Extracted records —

● ● ● ● ● ● ●

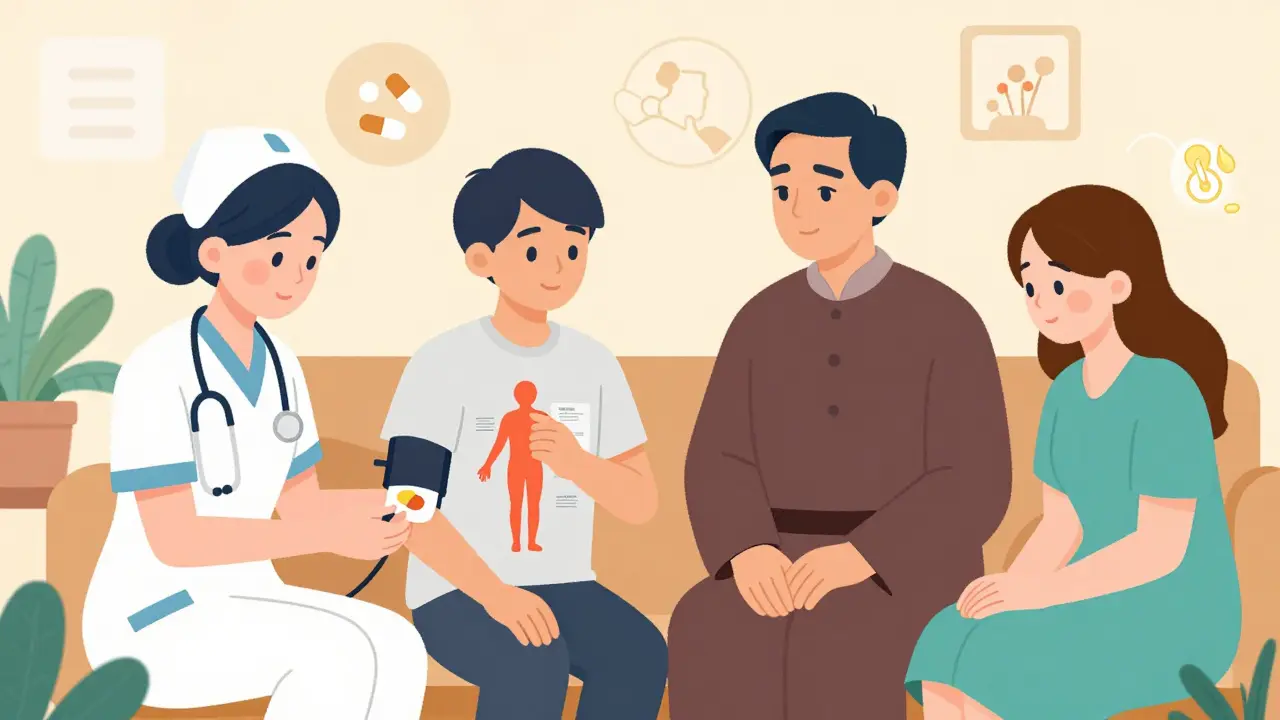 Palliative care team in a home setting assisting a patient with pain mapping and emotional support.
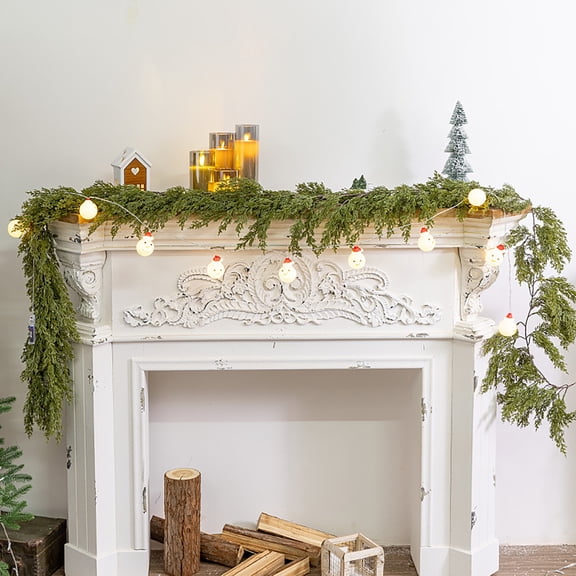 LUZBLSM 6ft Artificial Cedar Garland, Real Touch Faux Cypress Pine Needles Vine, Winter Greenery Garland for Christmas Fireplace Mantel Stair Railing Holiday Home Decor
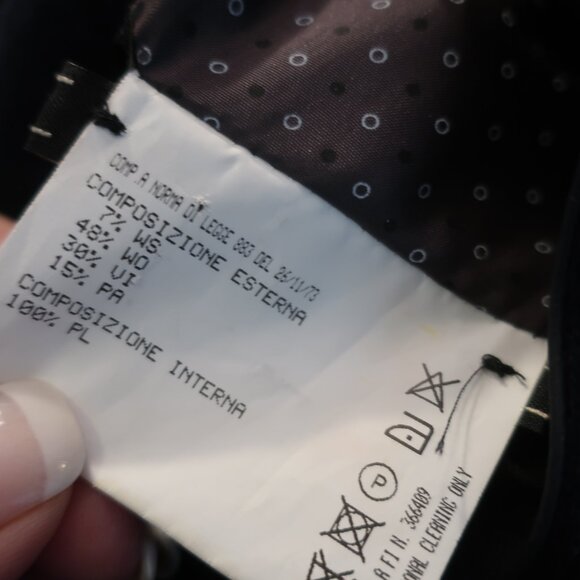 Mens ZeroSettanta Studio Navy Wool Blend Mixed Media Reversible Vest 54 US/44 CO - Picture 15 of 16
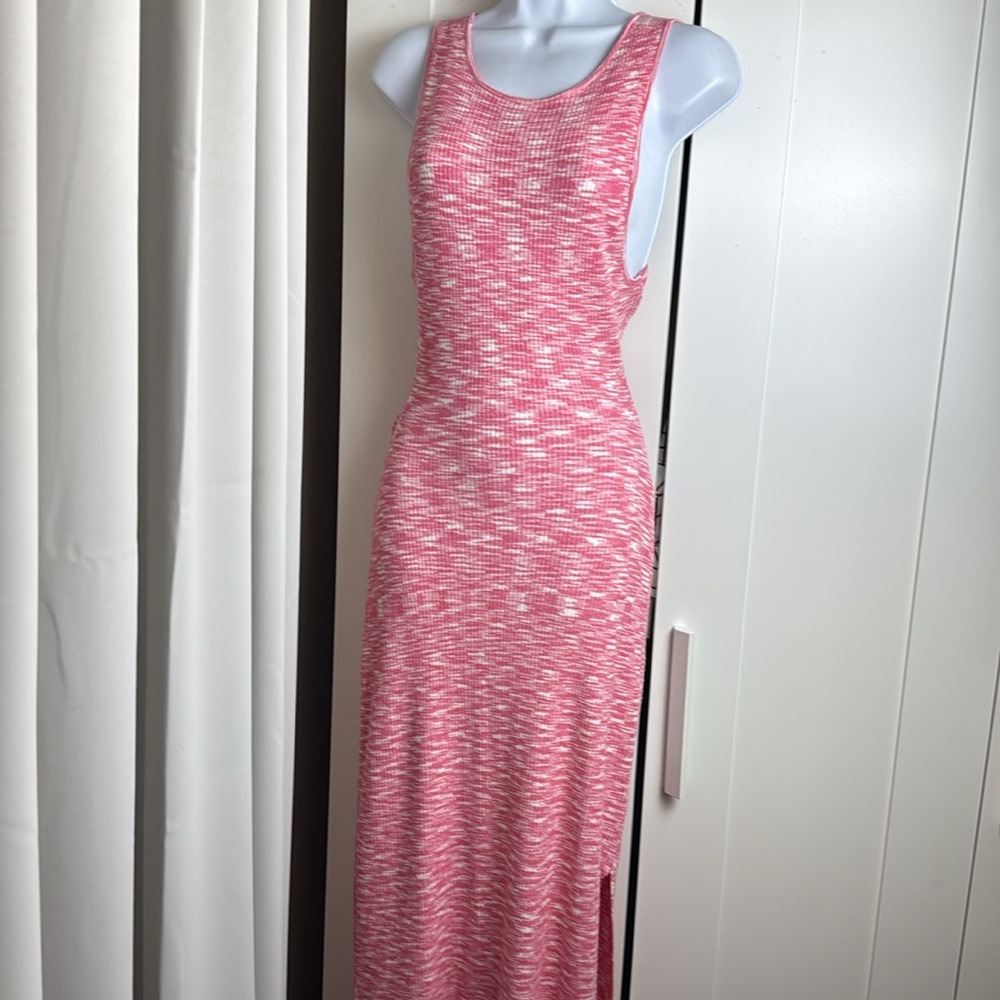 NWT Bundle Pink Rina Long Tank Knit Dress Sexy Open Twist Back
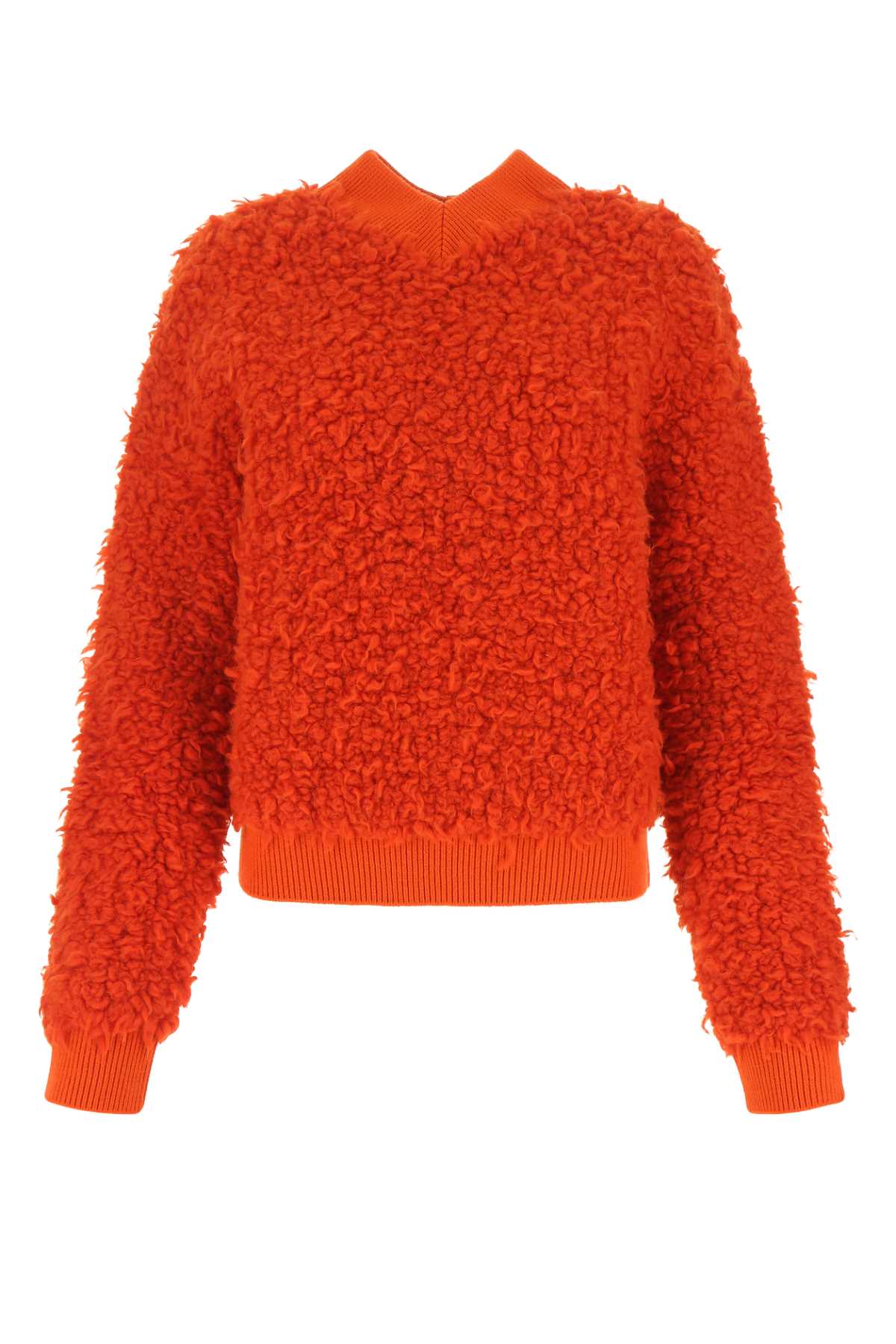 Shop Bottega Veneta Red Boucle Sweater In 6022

● ● ● ● ● ● ●

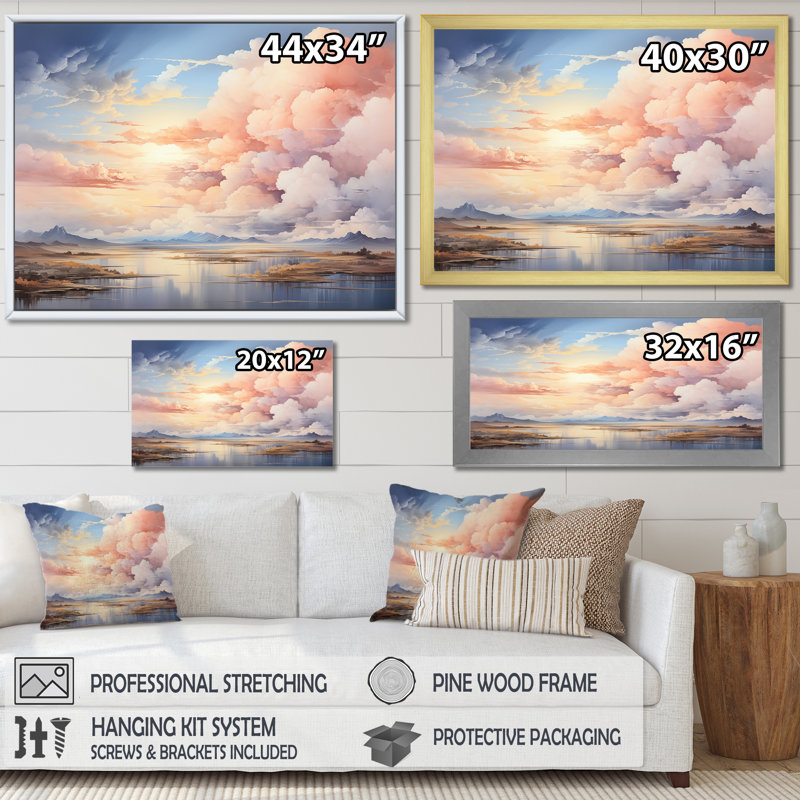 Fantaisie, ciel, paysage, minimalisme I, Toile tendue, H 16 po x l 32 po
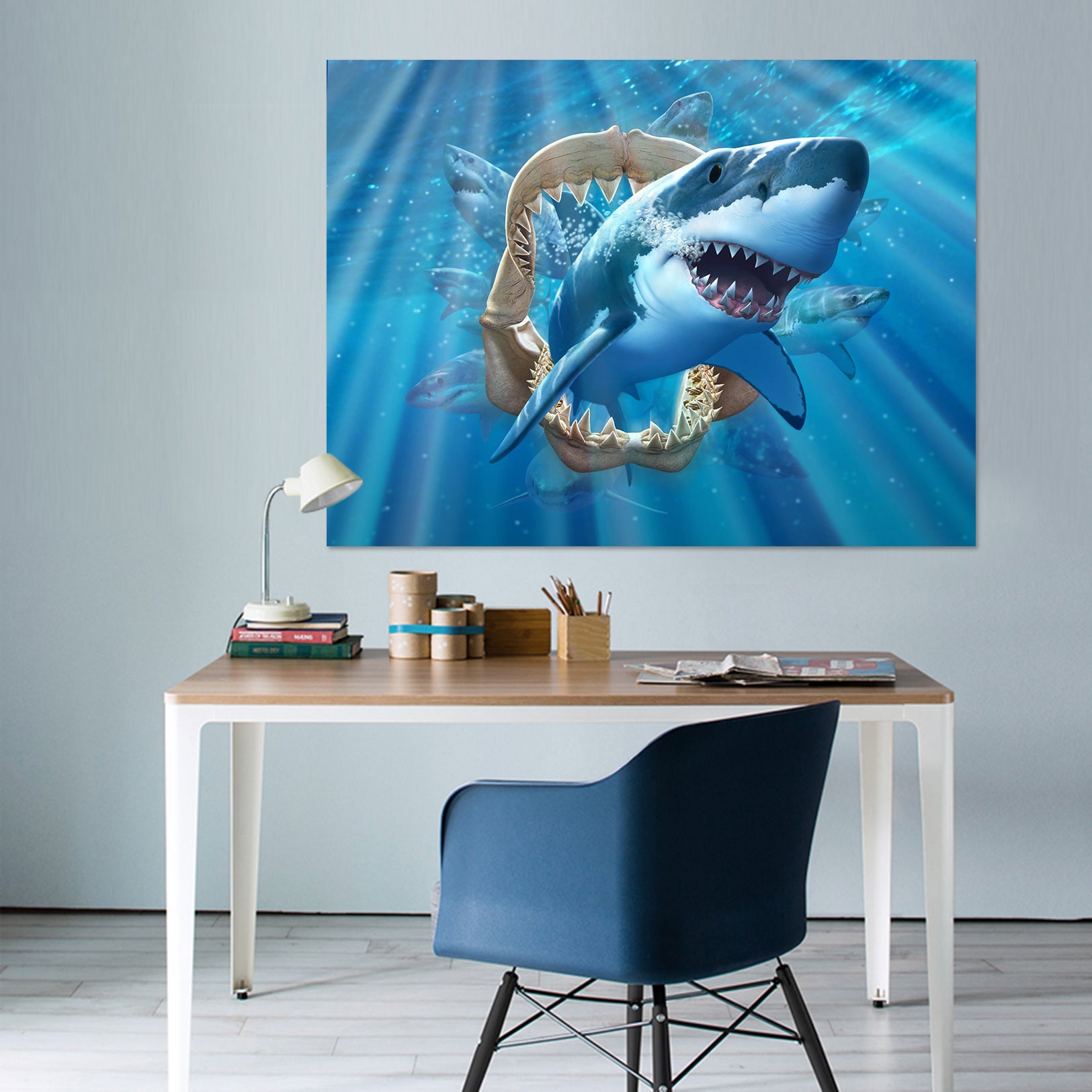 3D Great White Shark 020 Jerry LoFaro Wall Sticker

● ● ● ● ● ● ●

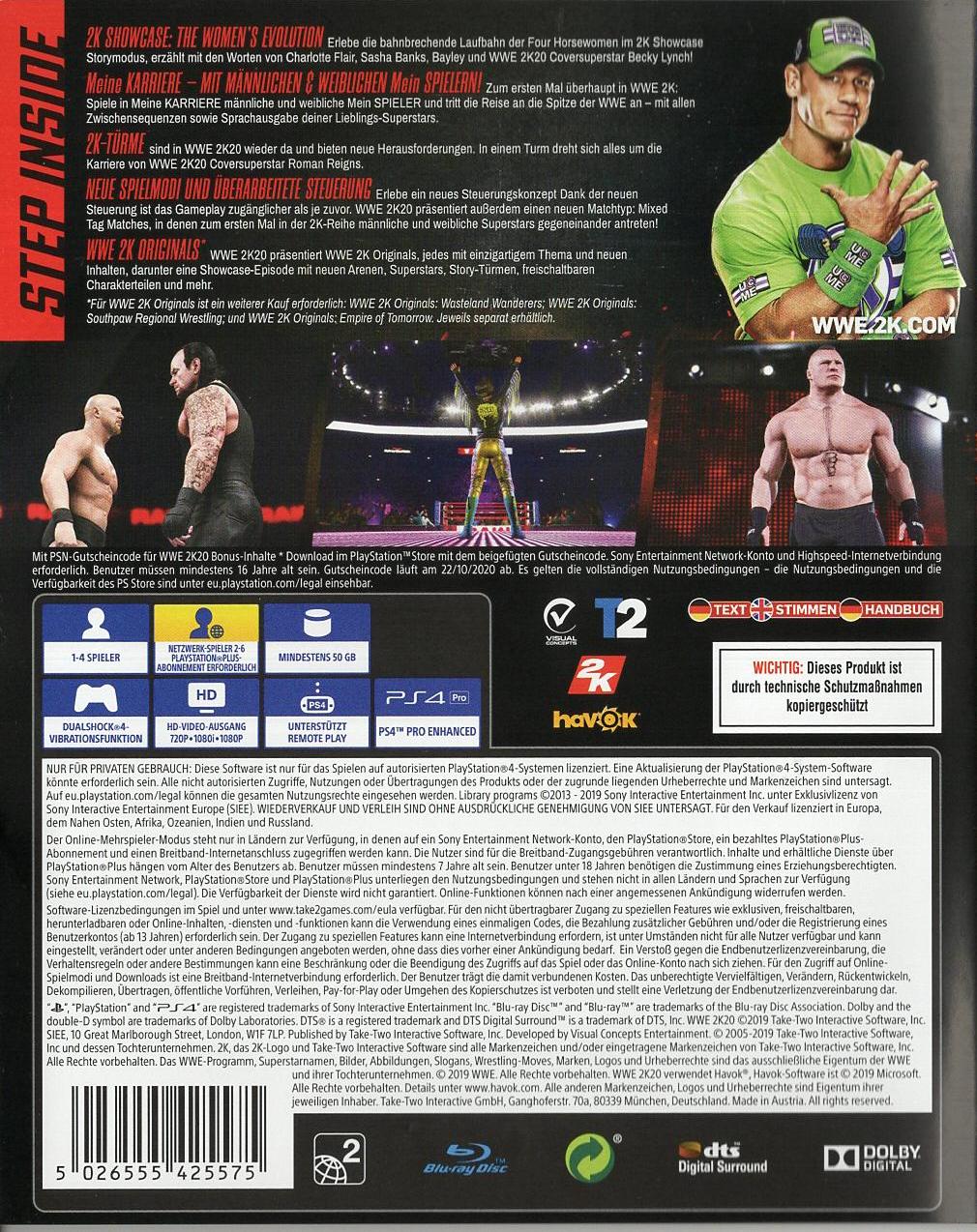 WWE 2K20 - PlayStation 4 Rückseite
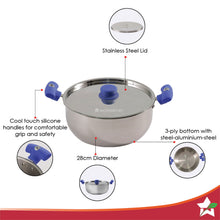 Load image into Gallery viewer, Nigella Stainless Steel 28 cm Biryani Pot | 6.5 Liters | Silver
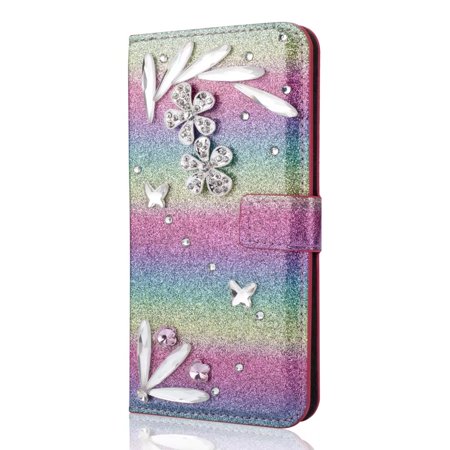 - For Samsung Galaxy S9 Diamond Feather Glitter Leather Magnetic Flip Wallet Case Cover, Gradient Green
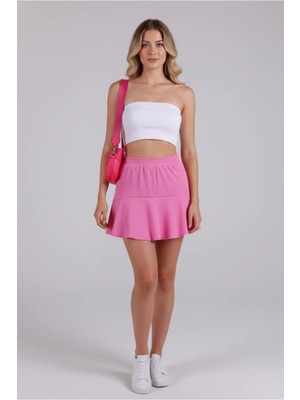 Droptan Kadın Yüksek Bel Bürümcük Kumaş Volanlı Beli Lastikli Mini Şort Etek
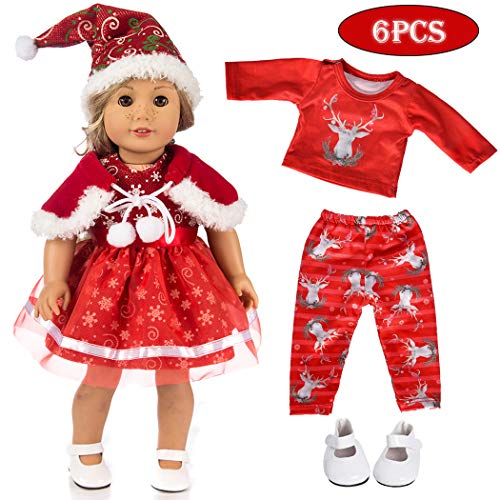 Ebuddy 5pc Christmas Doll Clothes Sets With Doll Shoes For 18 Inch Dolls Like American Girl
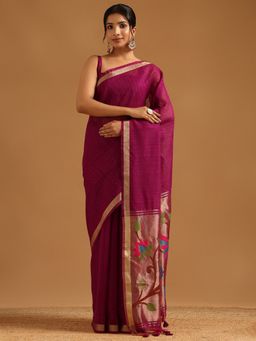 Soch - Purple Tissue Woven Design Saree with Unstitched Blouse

● ● ● ● ● ● ●

Aim of the task — Of the lines above, copy only those from the one holding "Palliative care team" to the one holding "Shop Bottega Veneta", both included, and exclude every image.

Result —
 Palliative care team in a home setting assisting a patient with pain mapping and emotional support.
 LUZBLSM 6ft Artificial Cedar Garland, Real Touch Faux Cypress Pine Needles Vine, Winter Greenery Garland for Christmas Fireplace Mantel Stair Railing Holiday Home Decor
 Mens ZeroSettanta Studio Navy Wool Blend Mixed Media Reversible Vest 54 US/44 CO - Picture 15 of 16
 NWT Bundle Pink Rina Long Tank Knit Dress Sexy Open Twist Back
 Shop Bottega Veneta Red Boucle Sweater In 6022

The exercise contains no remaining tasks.